____ Working data

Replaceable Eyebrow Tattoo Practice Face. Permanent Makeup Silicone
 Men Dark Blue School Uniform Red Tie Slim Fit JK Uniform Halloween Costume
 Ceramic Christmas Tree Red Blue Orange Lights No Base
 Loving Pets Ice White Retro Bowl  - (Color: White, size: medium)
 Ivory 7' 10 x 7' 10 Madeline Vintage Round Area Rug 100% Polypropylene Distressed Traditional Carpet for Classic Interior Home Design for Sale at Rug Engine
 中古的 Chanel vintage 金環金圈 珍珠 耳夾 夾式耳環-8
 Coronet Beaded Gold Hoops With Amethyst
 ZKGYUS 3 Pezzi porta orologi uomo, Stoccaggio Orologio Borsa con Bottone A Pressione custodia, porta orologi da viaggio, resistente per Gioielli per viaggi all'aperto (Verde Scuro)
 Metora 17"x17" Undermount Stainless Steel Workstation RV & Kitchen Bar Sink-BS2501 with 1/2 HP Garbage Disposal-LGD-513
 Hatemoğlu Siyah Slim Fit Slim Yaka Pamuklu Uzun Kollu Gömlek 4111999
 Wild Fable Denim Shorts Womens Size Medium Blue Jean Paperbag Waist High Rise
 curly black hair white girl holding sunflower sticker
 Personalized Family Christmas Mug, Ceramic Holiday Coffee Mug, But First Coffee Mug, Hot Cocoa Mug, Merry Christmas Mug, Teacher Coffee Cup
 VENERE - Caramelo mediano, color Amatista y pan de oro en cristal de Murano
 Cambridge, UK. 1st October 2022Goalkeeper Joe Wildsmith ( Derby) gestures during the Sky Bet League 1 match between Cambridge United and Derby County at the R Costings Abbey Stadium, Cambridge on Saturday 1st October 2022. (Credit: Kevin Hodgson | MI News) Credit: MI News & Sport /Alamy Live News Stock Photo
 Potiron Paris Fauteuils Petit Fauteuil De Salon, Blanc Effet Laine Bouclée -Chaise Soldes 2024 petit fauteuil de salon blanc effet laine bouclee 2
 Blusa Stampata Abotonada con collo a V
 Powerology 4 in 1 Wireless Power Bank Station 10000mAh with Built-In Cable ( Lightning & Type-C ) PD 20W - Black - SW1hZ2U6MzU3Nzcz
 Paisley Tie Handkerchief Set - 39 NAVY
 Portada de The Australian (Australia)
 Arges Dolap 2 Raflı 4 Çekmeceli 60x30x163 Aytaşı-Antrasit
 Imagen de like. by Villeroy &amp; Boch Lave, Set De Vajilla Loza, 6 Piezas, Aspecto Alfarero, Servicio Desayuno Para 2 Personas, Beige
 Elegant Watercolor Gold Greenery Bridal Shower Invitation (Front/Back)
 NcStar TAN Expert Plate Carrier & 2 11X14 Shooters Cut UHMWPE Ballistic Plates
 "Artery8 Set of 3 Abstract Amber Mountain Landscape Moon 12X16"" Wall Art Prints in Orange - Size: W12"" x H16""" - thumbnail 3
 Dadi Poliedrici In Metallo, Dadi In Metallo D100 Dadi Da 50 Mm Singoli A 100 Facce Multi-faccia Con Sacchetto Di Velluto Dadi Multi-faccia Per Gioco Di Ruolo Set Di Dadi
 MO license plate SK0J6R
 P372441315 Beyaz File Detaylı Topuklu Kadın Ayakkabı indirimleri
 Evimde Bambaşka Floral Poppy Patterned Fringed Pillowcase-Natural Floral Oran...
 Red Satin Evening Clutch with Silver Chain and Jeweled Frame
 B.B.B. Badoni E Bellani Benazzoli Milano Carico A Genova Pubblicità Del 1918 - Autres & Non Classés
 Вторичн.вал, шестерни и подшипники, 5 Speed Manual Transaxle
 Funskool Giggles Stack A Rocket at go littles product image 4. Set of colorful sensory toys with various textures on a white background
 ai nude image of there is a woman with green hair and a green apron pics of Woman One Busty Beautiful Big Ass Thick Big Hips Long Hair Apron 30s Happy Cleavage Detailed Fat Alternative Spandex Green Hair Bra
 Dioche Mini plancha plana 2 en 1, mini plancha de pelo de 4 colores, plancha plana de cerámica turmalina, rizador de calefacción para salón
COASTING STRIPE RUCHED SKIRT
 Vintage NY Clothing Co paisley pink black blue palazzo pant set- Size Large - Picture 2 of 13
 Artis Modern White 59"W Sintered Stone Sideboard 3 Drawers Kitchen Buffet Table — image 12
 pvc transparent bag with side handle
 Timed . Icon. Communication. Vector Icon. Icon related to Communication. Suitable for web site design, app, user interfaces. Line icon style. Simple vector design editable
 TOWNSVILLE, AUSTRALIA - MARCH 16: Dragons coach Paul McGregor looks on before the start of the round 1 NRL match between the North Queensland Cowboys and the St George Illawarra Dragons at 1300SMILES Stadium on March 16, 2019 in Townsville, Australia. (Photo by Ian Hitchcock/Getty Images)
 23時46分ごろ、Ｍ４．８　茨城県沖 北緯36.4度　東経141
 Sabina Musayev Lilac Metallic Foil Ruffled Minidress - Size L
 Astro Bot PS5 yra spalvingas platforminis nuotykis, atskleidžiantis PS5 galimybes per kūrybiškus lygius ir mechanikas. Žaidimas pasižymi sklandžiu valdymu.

________

> [What to do]: Retype the whole listing above, line for line and exactly.

> [Expected answer]:
Replaceable Eyebrow Tattoo Practice Face. Permanent Makeup Silicone
 Men Dark Blue School Uniform Red Tie Slim Fit JK Uniform Halloween Costume
 Ceramic Christmas Tree Red Blue Orange Lights No Base
 Loving Pets Ice White Retro Bowl  - (Color: White, size: medium)
 Ivory 7' 10 x 7' 10 Madeline Vintage Round Area Rug 100% Polypropylene Distressed Traditional Carpet for Classic Interior Home Design for Sale at Rug Engine
 中古的 Chanel vintage 金環金圈 珍珠 耳夾 夾式耳環-8
 Coronet Beaded Gold Hoops With Amethyst
 ZKGYUS 3 Pezzi porta orologi uomo, Stoccaggio Orologio Borsa con Bottone A Pressione custodia, porta orologi da viaggio, resistente per Gioielli per viaggi all'aperto (Verde Scuro)
 Metora 17"x17" Undermount Stainless Steel Workstation RV & Kitchen Bar Sink-BS2501 with 1/2 HP Garbage Disposal-LGD-513
 Hatemoğlu Siyah Slim Fit Slim Yaka Pamuklu Uzun Kollu Gömlek 4111999
 Wild Fable Denim Shorts Womens Size Medium Blue Jean Paperbag Waist High Rise
 curly black hair white girl holding sunflower sticker
 Personalized Family Christmas Mug, Ceramic Holiday Coffee Mug, But First Coffee Mug, Hot Cocoa Mug, Merry Christmas Mug, Teacher Coffee Cup
 VENERE - Caramelo mediano, color Amatista y pan de oro en cristal de Murano
 Cambridge, UK. 1st October 2022Goalkeeper Joe Wildsmith ( Derby) gestures during the Sky Bet League 1 match between Cambridge United and Derby County at the R Costings Abbey Stadium, Cambridge on Saturday 1st October 2022. (Credit: Kevin Hodgson | MI News) Credit: MI News & Sport /Alamy Live News Stock Photo
 Potiron Paris Fauteuils Petit Fauteuil De Salon, Blanc Effet Laine Bouclée -Chaise Soldes 2024 petit fauteuil de salon blanc effet laine bouclee 2
 Blusa Stampata Abotonada con collo a V
 Powerology 4 in 1 Wireless Power Bank Station 10000mAh with Built-In Cable ( Lightning & Type-C ) PD 20W - Black - SW1hZ2U6MzU3Nzcz
 Paisley Tie Handkerchief Set - 39 NAVY
 Portada de The Australian (Australia)
 Arges Dolap 2 Raflı 4 Çekmeceli 60x30x163 Aytaşı-Antrasit
 Imagen de like. by Villeroy &amp; Boch Lave, Set De Vajilla Loza, 6 Piezas, Aspecto Alfarero, Servicio Desayuno Para 2 Personas, Beige
 Elegant Watercolor Gold Greenery Bridal Shower Invitation (Front/Back)
 NcStar TAN Expert Plate Carrier & 2 11X14 Shooters Cut UHMWPE Ballistic Plates
 "Artery8 Set of 3 Abstract Amber Mountain Landscape Moon 12X16"" Wall Art Prints in Orange - Size: W12"" x H16""" - thumbnail 3
 Dadi Poliedrici In Metallo, Dadi In Metallo D100 Dadi Da 50 Mm Singoli A 100 Facce Multi-faccia Con Sacchetto Di Velluto Dadi Multi-faccia Per Gioco Di Ruolo Set Di Dadi
 MO license plate SK0J6R
 P372441315 Beyaz File Detaylı Topuklu Kadın Ayakkabı indirimleri
 Evimde Bambaşka Floral Poppy Patterned Fringed Pillowcase-Natural Floral Oran...
 Red Satin Evening Clutch with Silver Chain and Jeweled Frame
 B.B.B. Badoni E Bellani Benazzoli Milano Carico A Genova Pubblicità Del 1918 - Autres & Non Classés
 Вторичн.вал, шестерни и подшипники, 5 Speed Manual Transaxle
 Funskool Giggles Stack A Rocket at go littles product image 4. Set of colorful sensory toys with various textures on a white background
 ai nude image of there is a woman with green hair and a green apron pics of Woman One Busty Beautiful Big Ass Thick Big Hips Long Hair Apron 30s Happy Cleavage Detailed Fat Alternative Spandex Green Hair Bra
 Dioche Mini plancha plana 2 en 1, mini plancha de pelo de 4 colores, plancha plana de cerámica turmalina, rizador de calefacción para salón
COASTING STRIPE RUCHED SKIRT
 Vintage NY Clothing Co paisley pink black blue palazzo pant set- Size Large - Picture 2 of 13
 Artis Modern White 59"W Sintered Stone Sideboard 3 Drawers Kitchen Buffet Table — image 12
 pvc transparent bag with side handle
 Timed . Icon. Communication. Vector Icon. Icon related to Communication. Suitable for web site design, app, user interfaces. Line icon style. Simple vector design editable
 TOWNSVILLE, AUSTRALIA - MARCH 16: Dragons coach Paul McGregor looks on before the start of the round 1 NRL match between the North Queensland Cowboys and the St George Illawarra Dragons at 1300SMILES Stadium on March 16, 2019 in Townsville, Australia. (Photo by Ian Hitchcock/Getty Images)
 23時46分ごろ、Ｍ４．８　茨城県沖 北緯36.4度　東経141
 Sabina Musayev Lilac Metallic Foil Ruffled Minidress - Size L
 Astro Bot PS5 yra spalvingas platforminis nuotykis, atskleidžiantis PS5 galimybes per kūrybiškus lygius ir mechanikas. Žaidimas pasižymi sklandžiu valdymu.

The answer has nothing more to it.